August 12, 2012
The Internal Conflicts of the First Book
So I'm writing the first book in the Marko Man series, and it's coming along... I'm getting the minimum 200 words a day, and because of work and life and stuff, I'm not exactly finding much time to get that much more than 200 words. The most I've written thus far couldn't have been much more than 1300 words.
But besides life's limitations on this extended project of finishing the series in its entirety lies an internal conflict that I'm having when it comes to writing this first book. You see, I'm having a hard time making this as epic as my usual material while making it a "first book" if you will. Even with the weathered down fighting styles, my recent writings with Marko Man and company have found themselves representing a relatively grand scale. On contrast with what I'm doing now, there isn't much grand at all. Granted, I haven't gotten into some of the grander parts of the story yet (both in this particular book and in this series), but at the same time, first impressions are everything and even though I know where this story is going to go, I'm not 100% impressed with what I've done thus far.
Of course, that's what the rewrites that I will doing after I'm all said and done with this are for, right? That's what I'm thinking, but it still worries me a bit.
I don't want to start over again. This time, I'm in the middle of the fourth chapter, which isn't that deep, but right now it's more than I'm willing to want to rewrite at this time, especially since I'm hardly getting enough writing in to begin with, but I guess I just need to press on.

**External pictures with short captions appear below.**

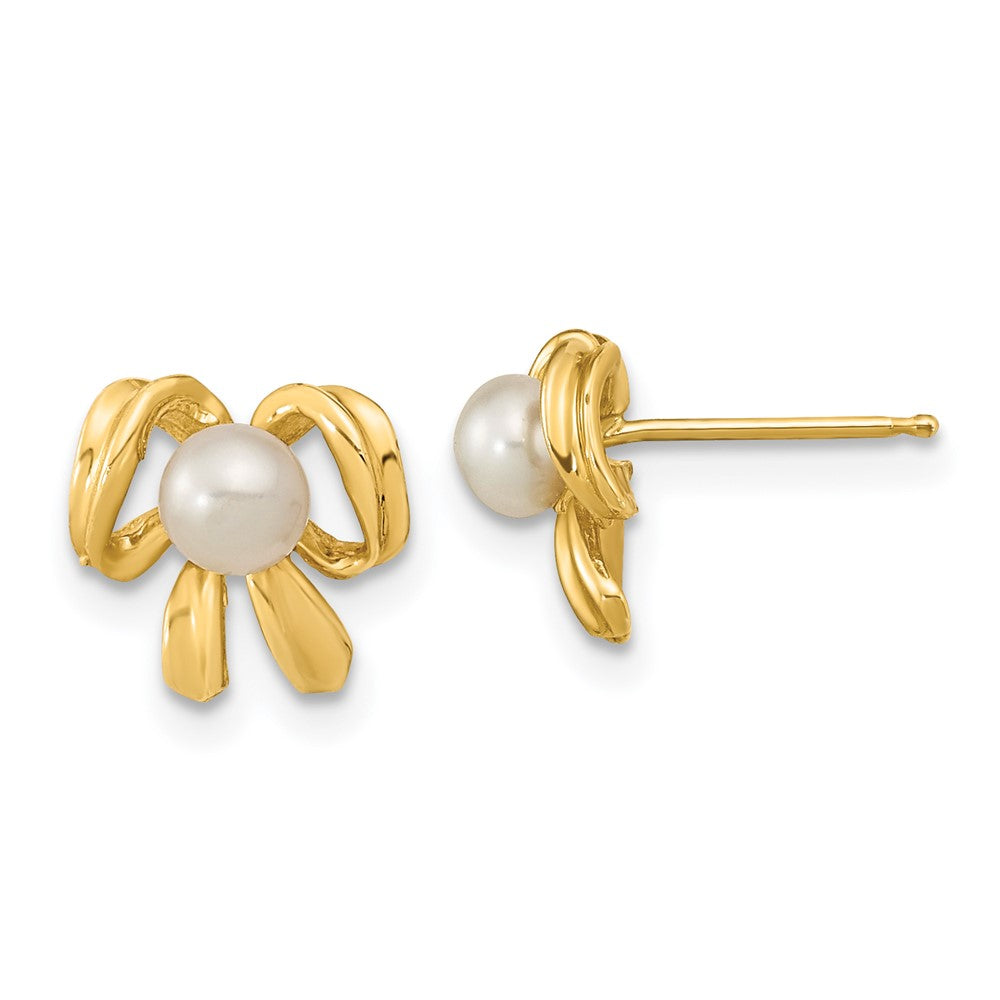 14K Gelbgold 3 4mm Weiß Knopf Süßwasser Zuchtperle Schleife Ohrstecker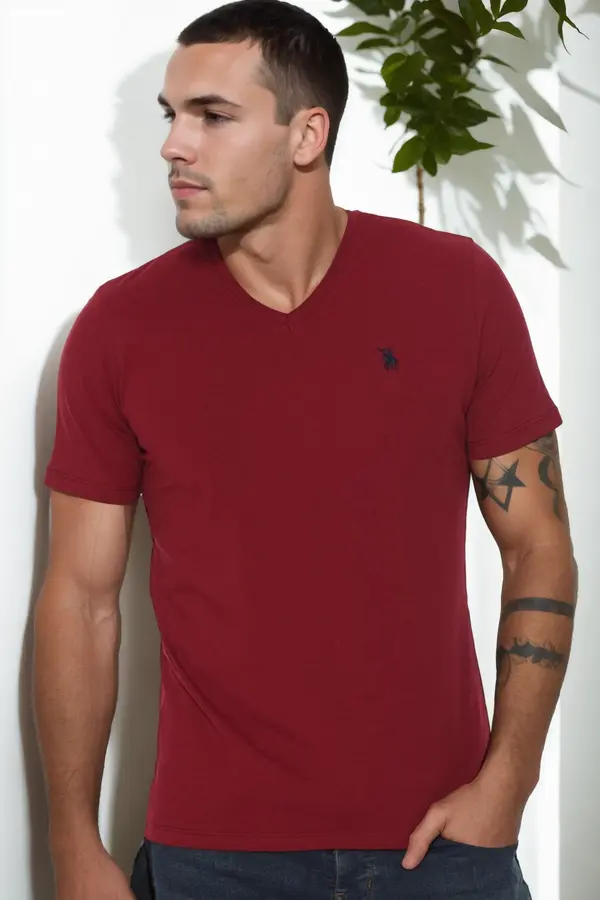 dewberry T9568 DEWBERRY V-NECK MEN'S T-SHIRT-BURGUNDY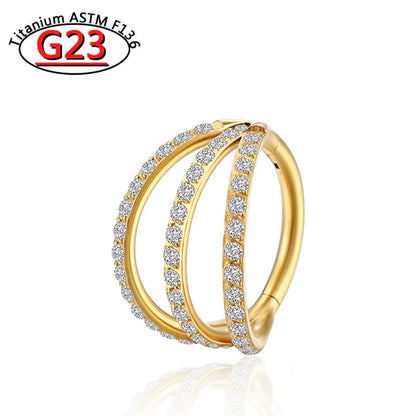 G23 Titanium Piercing Double Layered Triple Stack Hinged Zircon Nose Ring Helix Cartilage CZ Small Cartilage Septum Clicker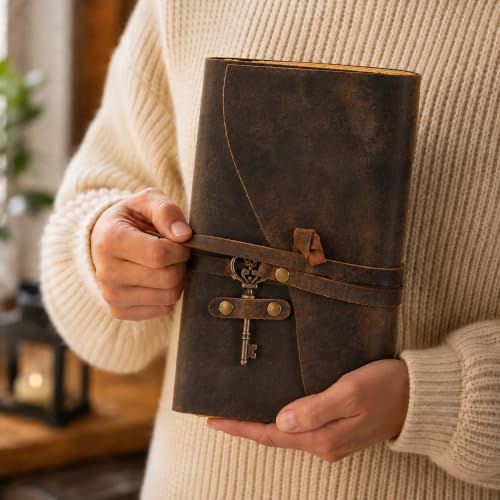 NomadCraftsCo Vintage Leather Journal, Handmade Deckle Edge Paper 240 Pages - color: Vintage Brown, size: 9" x 6"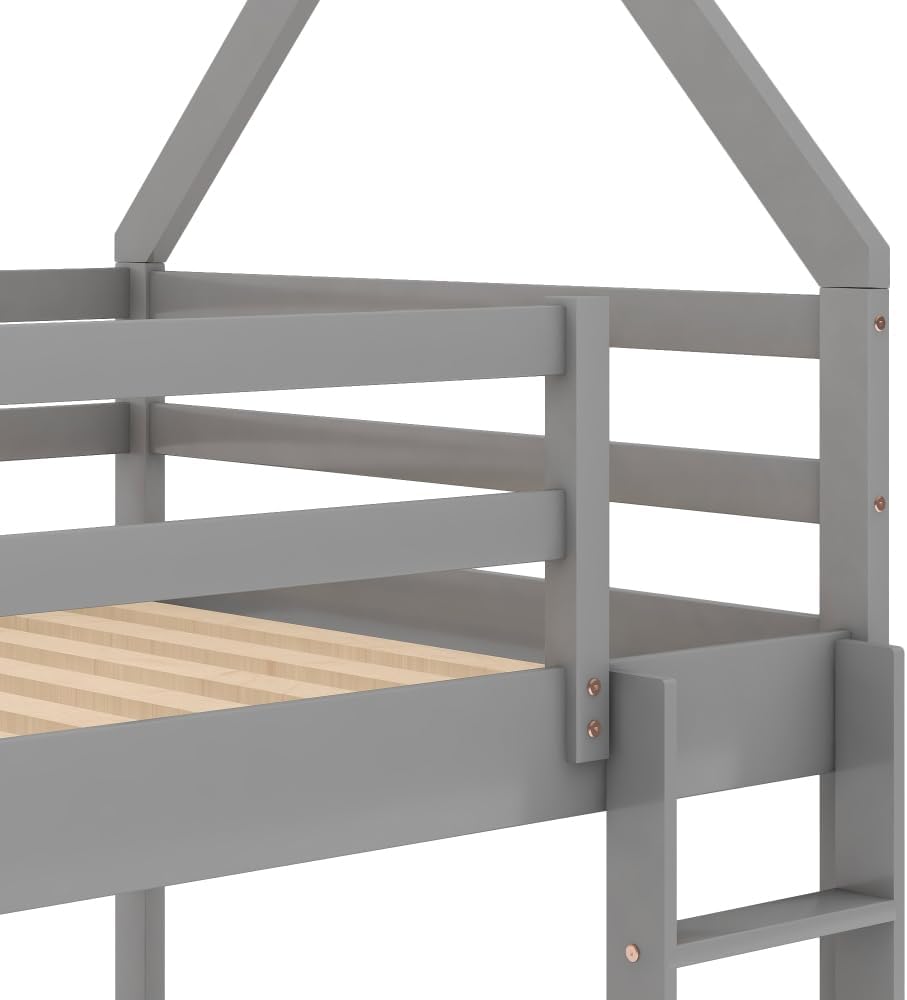 Twin Over Twin Low Bunk Bed, House Bed with Ladder, Gray 1-Numbers of Package Pine Wood+MDF 14pcs 77.3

If I know that this is going to get much better, and I know that I will be rewriting this once all ten books are in draft form, then I should have nothing to worry about.
And it is now that I remember my "internal editor" and how you have all the advice that says that I should ignore it when it comes to writing that first draft.
Guess I'm going to ignore it.
But I am going to write that "Chapter Zero" as a placeholder for a more interesting beginning, and then try to fit it in better later... *sigh* I think I'm making this out to be harder than it has to be.